+++ Data +++
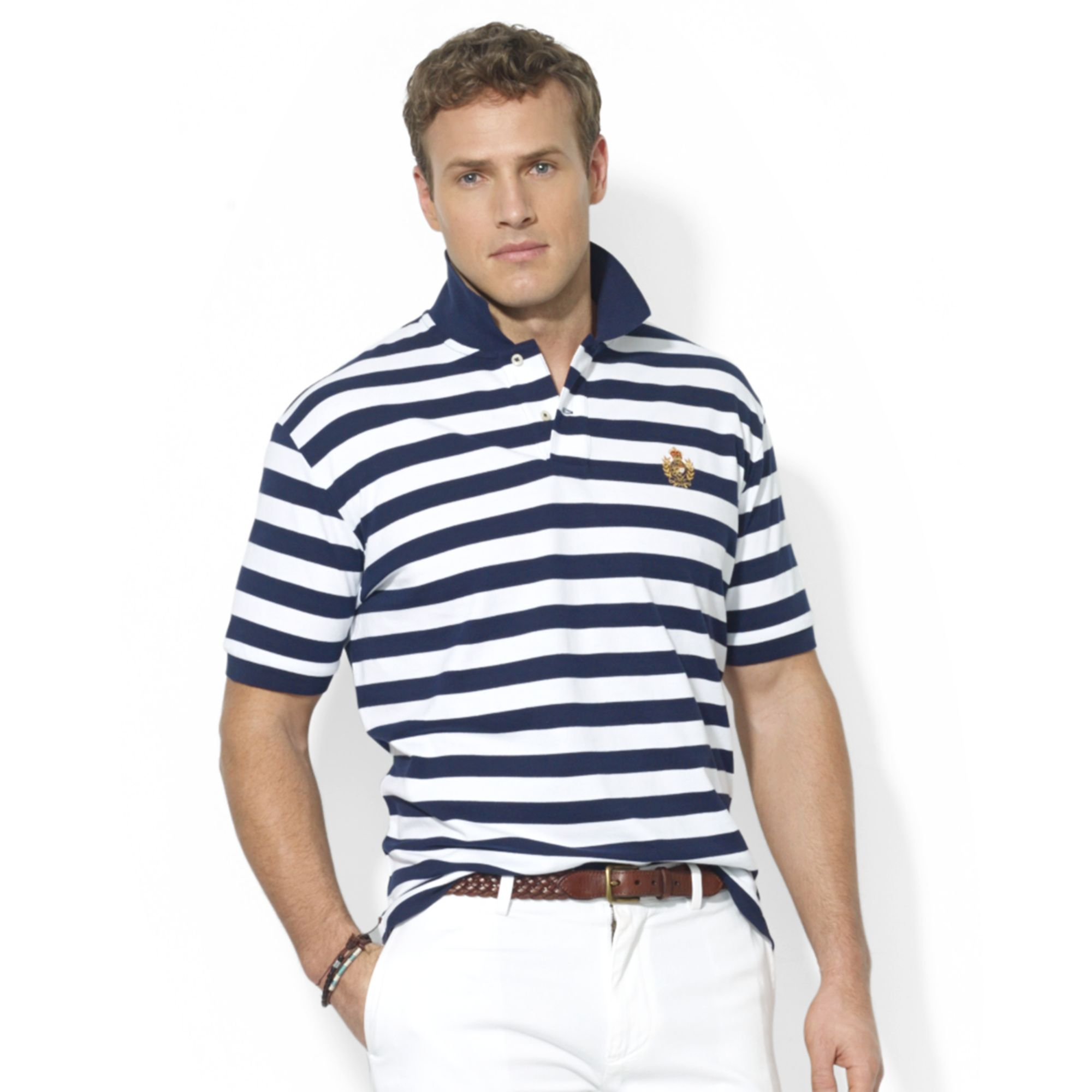 Ralph Lauren Polo Big and Tall Striped Mesh Crest Polo in Blue for Men ...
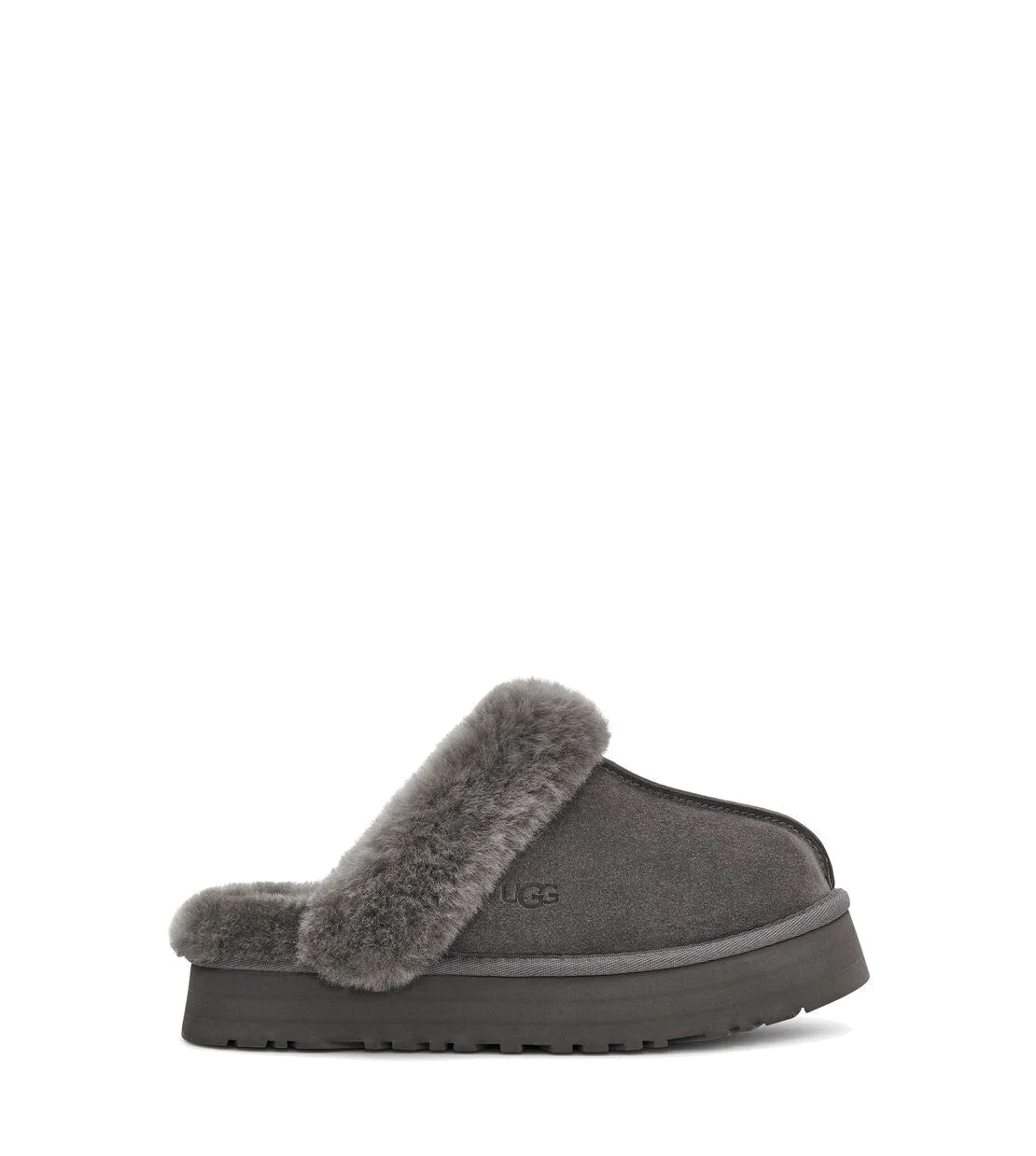 Female Fur Slides Disquette Charcoal (Women)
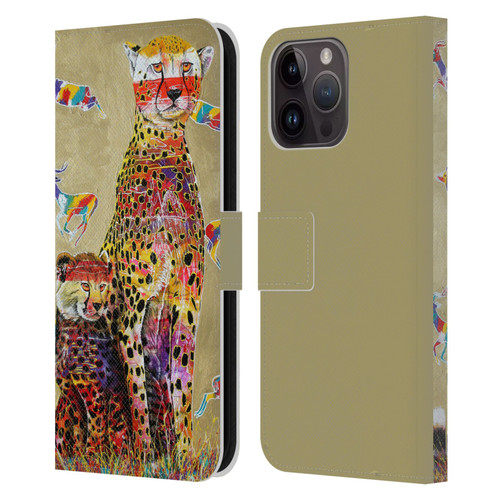 Graeme Stevenson Colourful Wildlife Cheetah Leather Book Wallet Case Cover For Apple iPhone 15 Pro Max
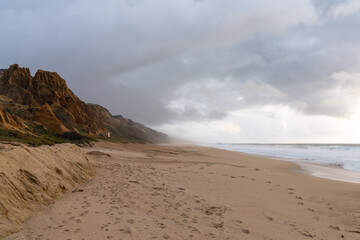 Fototapeta na wymiar bizarre colorful eroded sand dunes on the Alentejo coast of Portugal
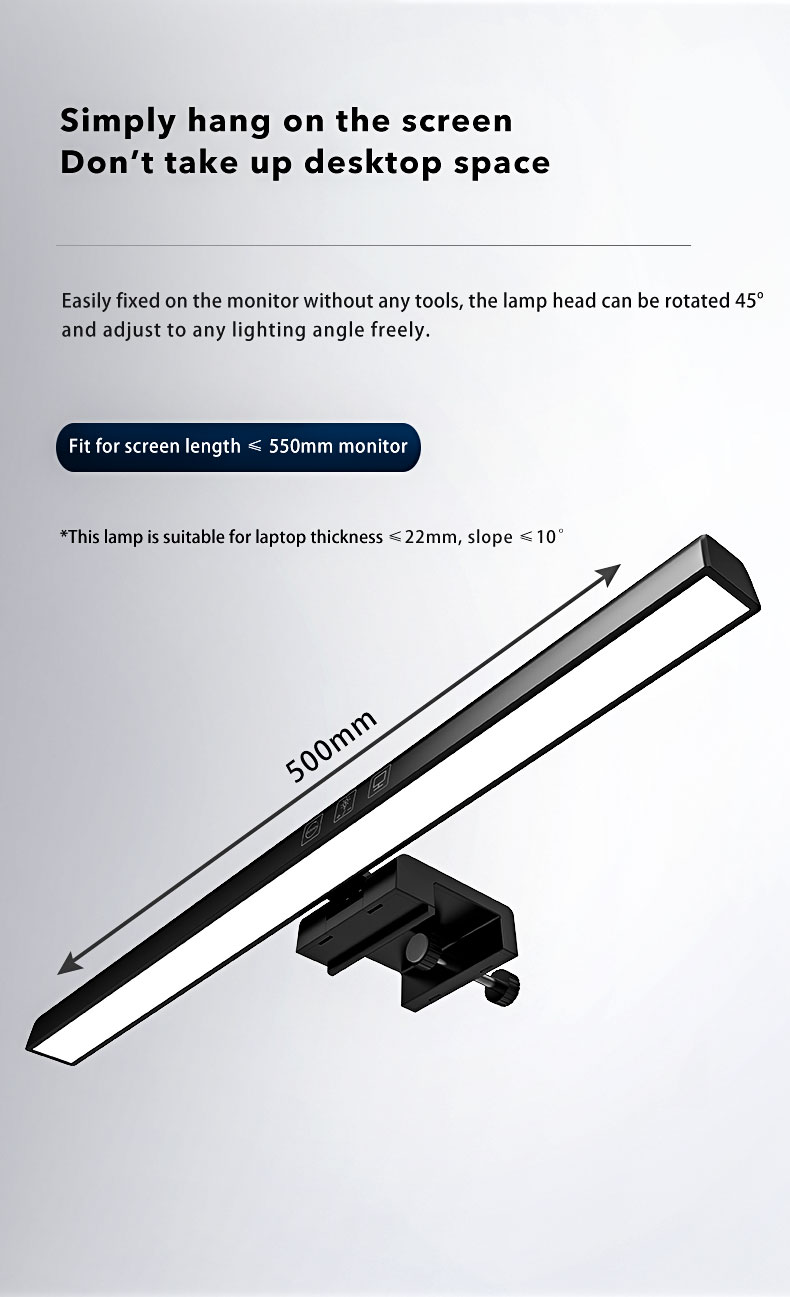HH-1802A Led Eye Protection No Stroboflash Usb Powered Dimmable Architect Screen Light Bar Engineer Office Computer Metal Monitor Light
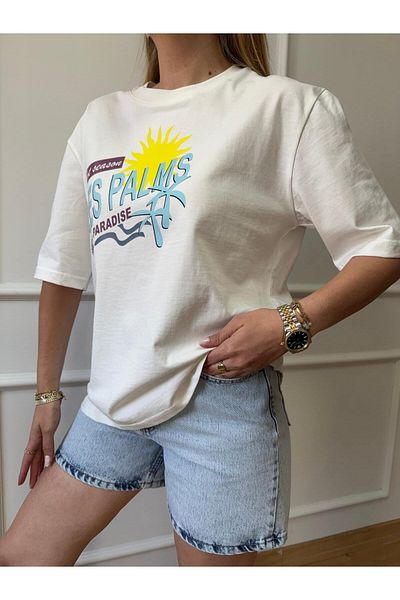 Size Özgü Ecru Les Palms Printed Tshirt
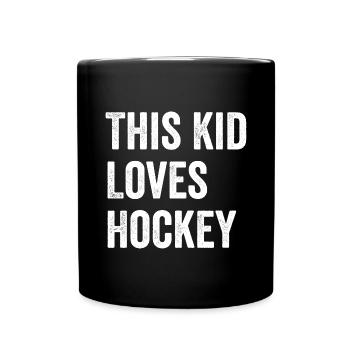 Cet enfant aime les amateurs de hockey - Mug uni - noir - Devant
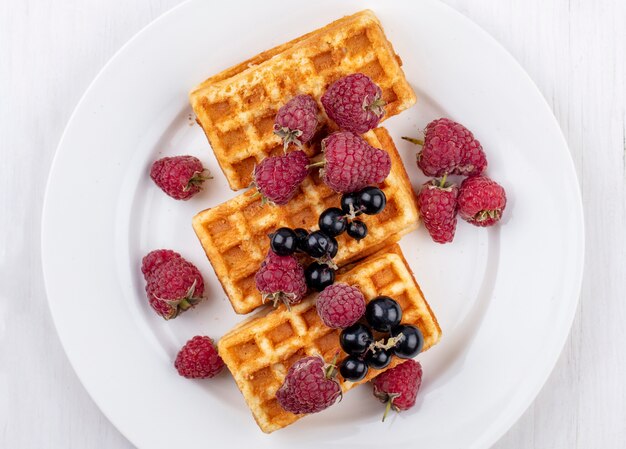 Vue de dessus des gaufres sucrées sur une assiette avec des framboises et des cassis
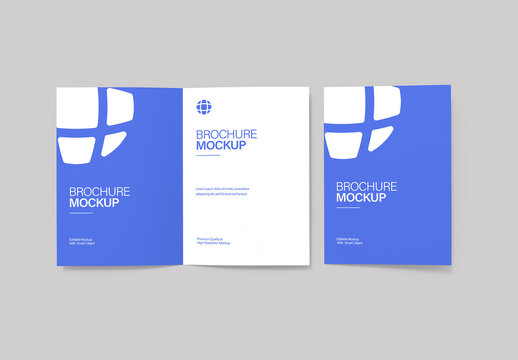 Cover with Spread Brochure Mockup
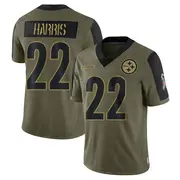 Youth Olive Limited Najee Harris Pittsburgh 2021 Salute To Service Jersey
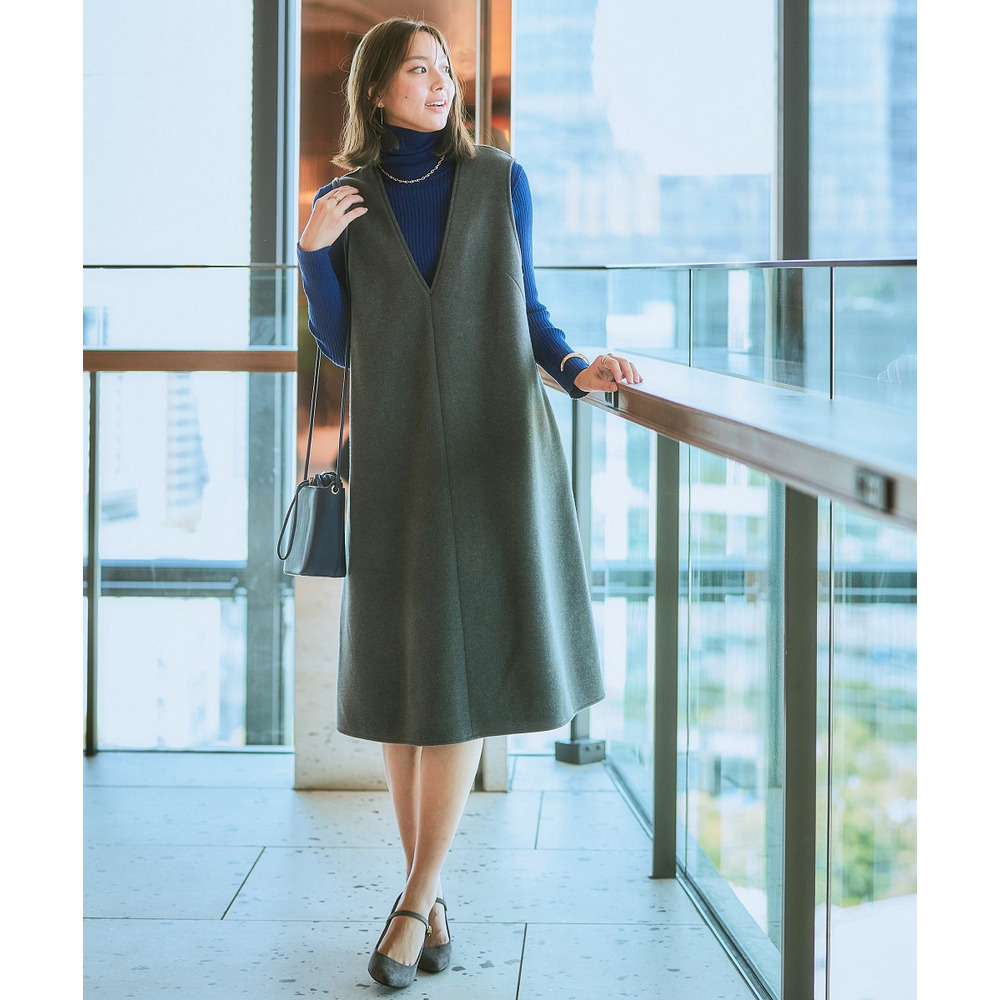 ウール調ふんわりジャージーフレアジャンパースカート(しわになりにくい・ウォッシャブル) 大きいサイズ10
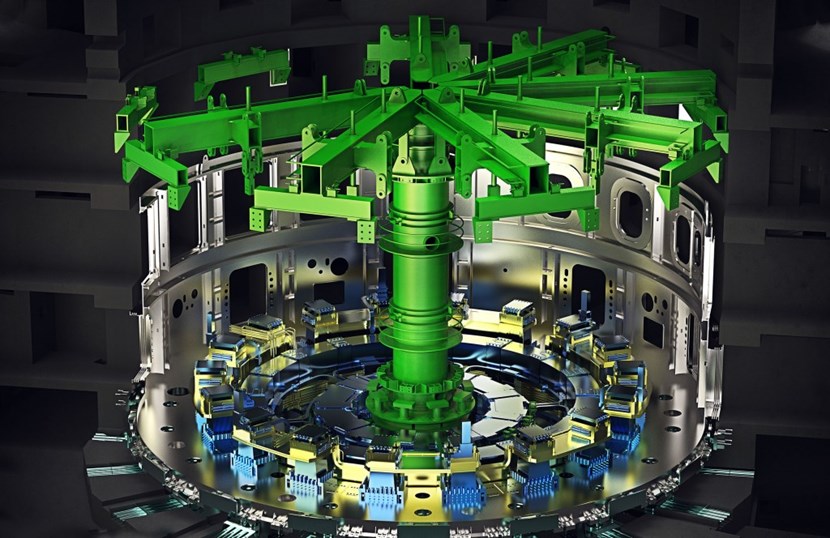 This towering, 600-tonne in-pit assembly tool will support the weight of the vacuum vessel subassemblies as they are progressively assembled and welded in the Tokamak Pit. (Click to view larger version...)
+++
Task objective: Going through the records above line by line, transcribe each one exactly and skip any pictures.

Result:
 Ralph Lauren Polo Big and Tall Striped Mesh Crest Polo in Blue for Men ...
 Female Fur Slides Disquette Charcoal (Women)
 Graeme Stevenson Colourful Wildlife Cheetah Leather Book Wallet Case Cover For Apple iPhone 15 Pro Max
 Fototapeta na wymiar bizarre colorful eroded sand dunes on the Alentejo coast of Portugal
HH-1802A Led Eye Protection No Stroboflash Usb Powered Dimmable Architect Screen Light Bar Engineer Office Computer Metal Monitor Light
 Size Özgü Ecru Les Palms Printed Tshirt
 Cet enfant aime les amateurs de hockey - Mug uni - noir - Devant
 Vue de dessus des gaufres sucrées sur une assiette avec des framboises et des cassis
 Cover with Spread Brochure Mockup
 Youth Olive Limited Najee Harris Pittsburgh 2021 Salute To Service Jersey
 ウール調ふんわりジャージーフレアジャンパースカート(しわになりにくい・ウォッシャブル) 大きいサイズ10
 This towering, 600-tonne in-pit assembly tool will support the weight of the vacuum vessel subassemblies as they are progressively assembled and welded in the Tokamak Pit. (Click to view larger version...)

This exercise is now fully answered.